Bacteria and digestion

The human gastrointestinal apparatus can contain on average 300-500 different species of bacteria that are jointly referred to as the “intestinal bacterial flora” (see graph). Most bacteria are located in the colon, while very few are in the stomach and in the first part of the intestine, because they contain corrosive substances (acids, bile and pancreatic secretions) which make these habitats inhospitable for micro-organisms. The colonisation of the intestine starts at birth and takes a few days (see image). The bacterial flora is composed of anaerobic and aerobic bacteria. The first group includes such bacteria as bifidobacteria, eubacteria, clostridia and peptococci.
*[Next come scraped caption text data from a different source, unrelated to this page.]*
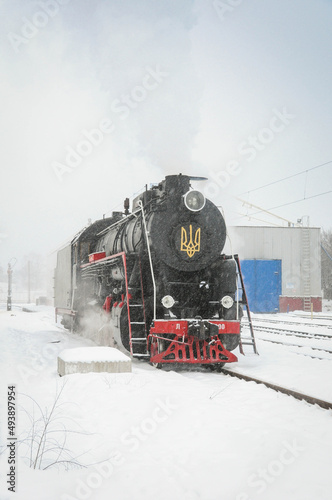 Vintage black steam locomotive. Old Soviet steam train in the depot. Space for text. Background with a steam train in the wintertime. New Year express.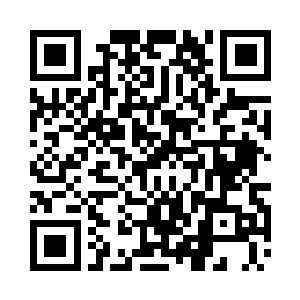 黝黑的石块和鬼影般的树木交织在了一块二维码生成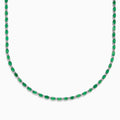The 925 Sterling Silver Emerald and Diamond Tennis Necklace showcases a sleek row of oval green emeralds and sparkling diamonds set in sterling silver, beautifully arranged against a crisp white background.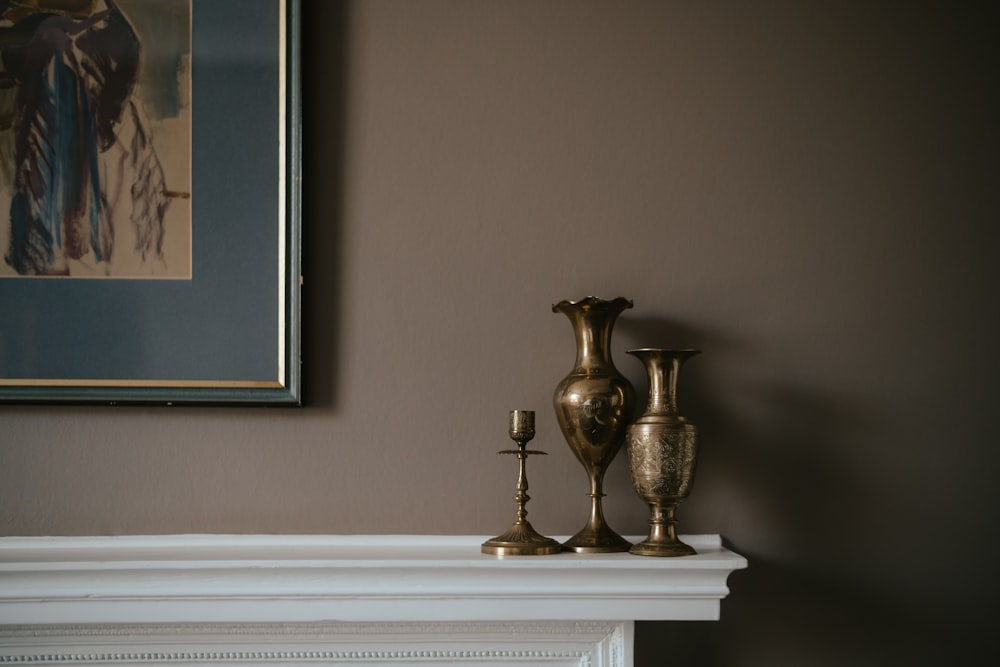 a couple of gold vases sitting on top of a mantle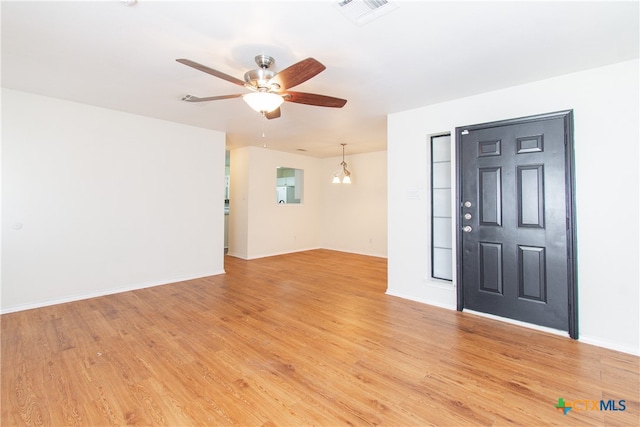 entryway with ceiling fan with notable chandelier and light hardwood / wood-style flooring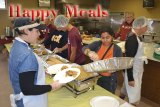 Local volunteers feed 400 at Senior Citizens Center, prepare 800 takeout meals 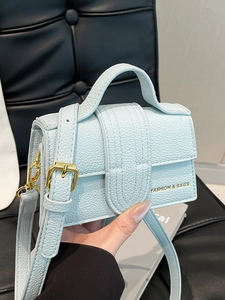 Mini ice blue litchi pattern handbag with gold hardware and adjustable strap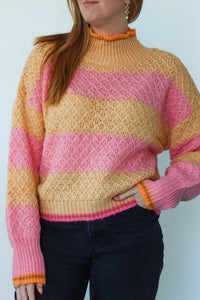 girl wearing pink and orange knit striped sweater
Anaerobic bacteria include, among others, escherichia, enterobacteria, enterococci, klebsiella, lactobacilli and proteus.
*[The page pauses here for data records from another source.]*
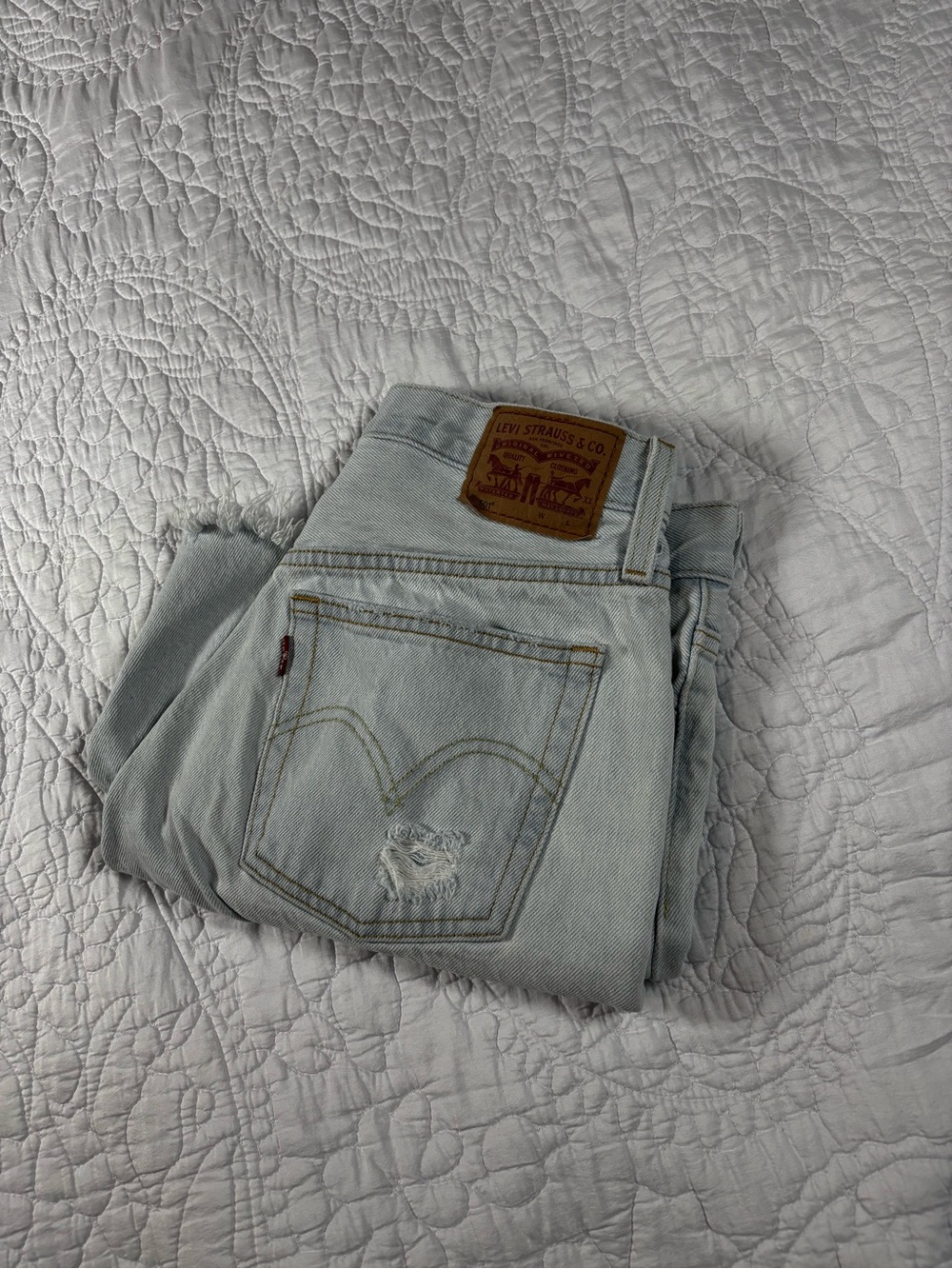Levi's Women's Pale Blue High-Rise Jeans with Back Pocket Distress
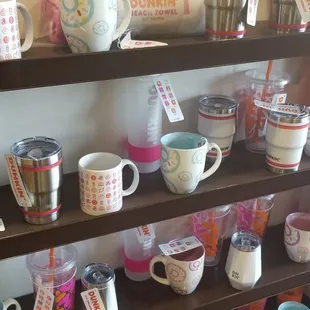  a shelf full of coffee mugs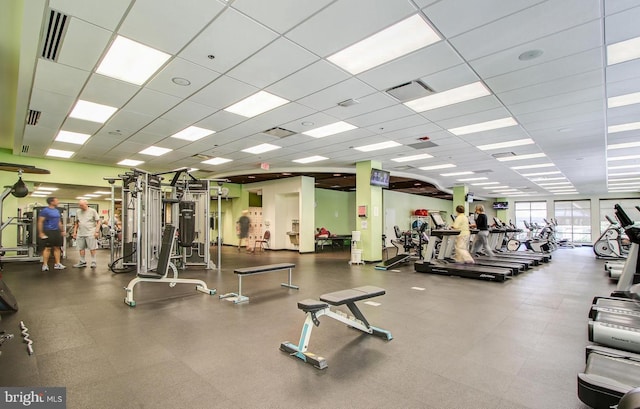 exercise room with a drop ceiling and visible vents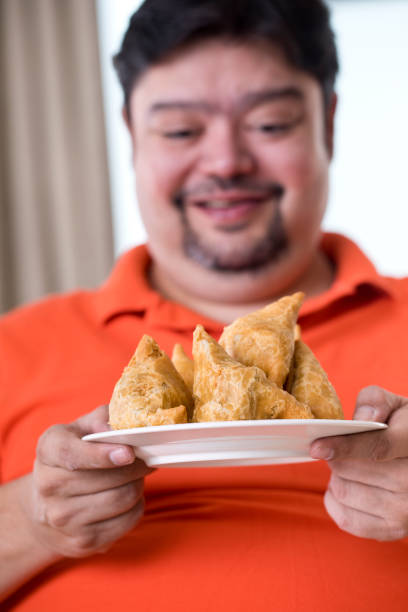 istock Overweight man holding fried samosa 1187667819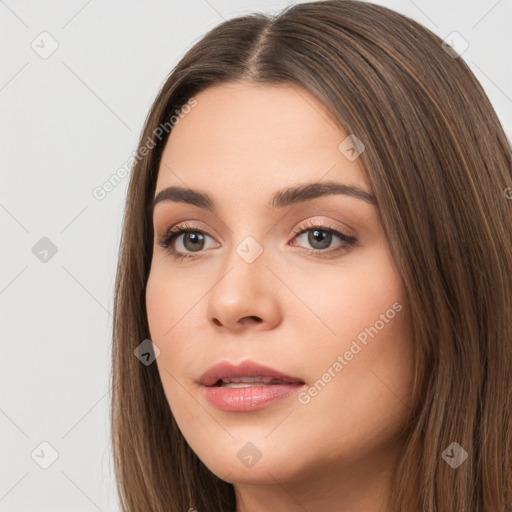 Neutral white young-adult female with long  brown hair and brown eyes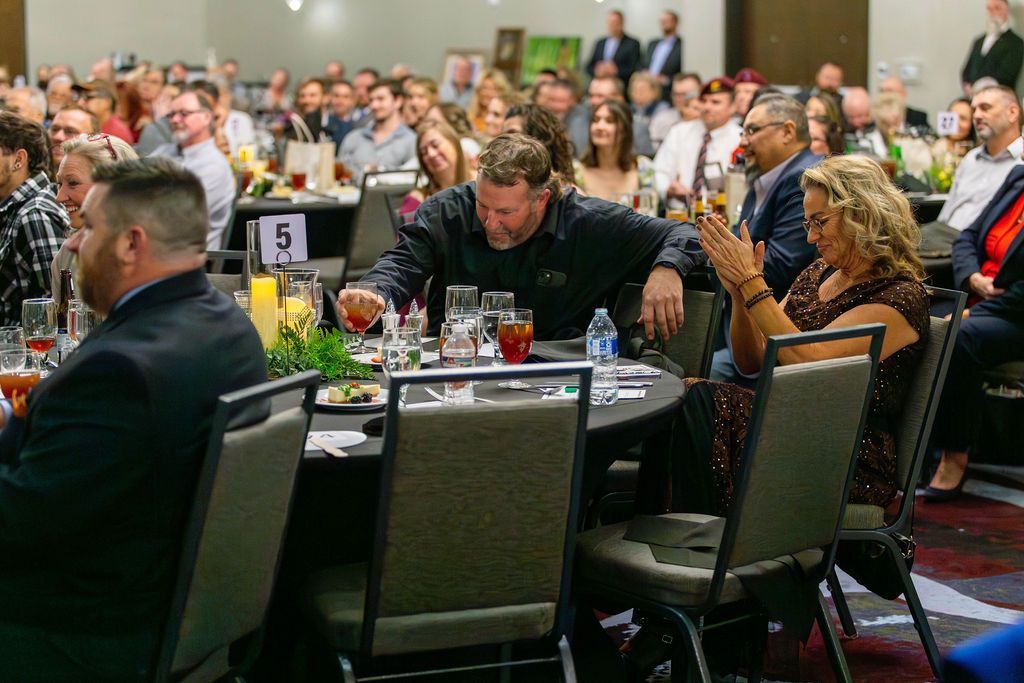 A group of people seated at round tables in a conference hall, with a man and woman appearing to toast or talk at a table.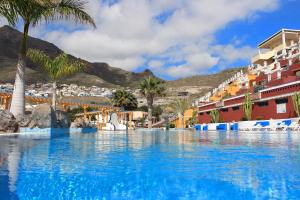 uma grande piscina com palmeiras e edifícios em Costa Adeje VI em Adeje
The intestinal bacterial flora serves different important functions:
– it protects the organisms from the attack of harmful micro-organisms,
– it breaks food into microscopic particles to supply the organism with vitamins, mineral salts and all the micro-nutrients it needs,
– it produces vitamin K, which is important for blood coagulation, the liver and bone calcification
– it produces vitamin B12, which is important for cell reproduction and the synthesis of haemoglobin
– it makes hard-to-digest foods, such as vegetables, digestible.
The bacterial flora of the intestine is weakened by some drugs, such as antibiotics. This is why antibiotic treatments are often associated with milk enzymes (which are among the main components of the bacterial flora), which restore the correct balance of these small and precious allies.